• [Work instructions]: Please transcribe the listing below in full, exactly as written, leaving out its pictures.

• [Recorded data]:
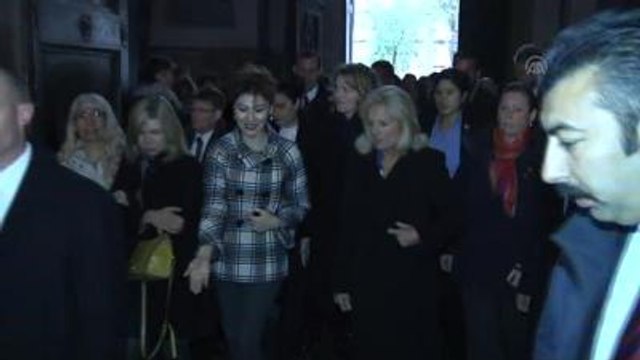Jill Biden, Ayasofya Müzesi'ni Gezdi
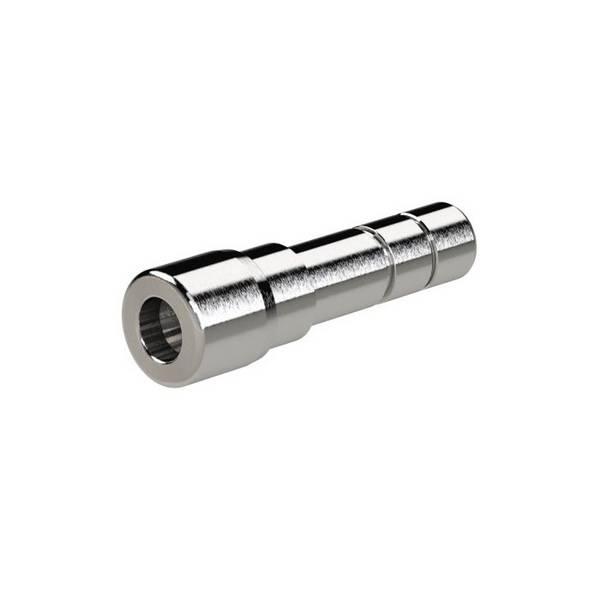 Riegler 859.0804 ES FDA, Steckreduzierung »NonPlusUltra«, Nippel 8 mm, Ø 4 mm, VPE 10 Stk., P/n: 132116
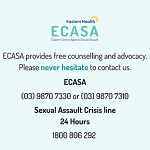 Eastern Centre Against Sexual Assault (ECASA)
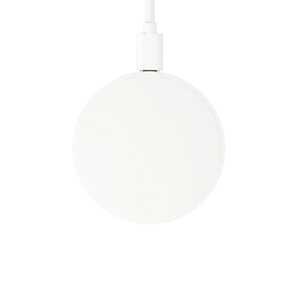 Recycled ABS MagClick™ Fast Wireless Charging Pad - PCNA 7143-41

• [Answer]:
Jill Biden, Ayasofya Müzesi'ni Gezdi
 Riegler 859.0804 ES FDA, Steckreduzierung »NonPlusUltra«, Nippel 8 mm, Ø 4 mm, VPE 10 Stk., P/n: 132116
 Eastern Centre Against Sexual Assault (ECASA)
 Recycled ABS MagClick™ Fast Wireless Charging Pad - PCNA 7143-41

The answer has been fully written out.